Brenton Alexander Cox Jr. (born January 30, 2000) is an American former college football outside linebacker for the Florida Gators and the Georgia Bulldogs prior to his time at Florida. He was dismissed from the University of Georgia on August 6, 2019, following an arrest and numerous issues with the coaching staff and with personal conduct. He was dismissed from the University of Florida football team on October 31, 2022, after a series of personal conduct issues.

Early life and high school career
Cox grew up in Stockbridge, Georgia and attended Miller Grove High School for two years before transferring to Stockbridge High School.
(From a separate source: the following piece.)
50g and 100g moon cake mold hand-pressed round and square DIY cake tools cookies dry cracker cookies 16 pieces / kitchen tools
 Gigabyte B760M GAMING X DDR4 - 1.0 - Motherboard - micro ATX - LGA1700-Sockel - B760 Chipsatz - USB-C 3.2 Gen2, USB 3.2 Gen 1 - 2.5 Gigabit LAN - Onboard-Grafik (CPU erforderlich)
As a senior he recorded 42 tackles with 9.5 tackles for loss and five sacks and was named first team All-State and played in the 2018 Under Armour All-American Game.

College career
Cox began his collegiate career at Georgia. He played in 13 games with 20 tackles and one sack as a true freshman. He made his first career start in the 2019 Sugar Bowl, making six tackles. During the summer going into his sophomore year Cox was dismissed from the team. Shortly afterwards, Cox announced that he would be transferring to the University of Florida.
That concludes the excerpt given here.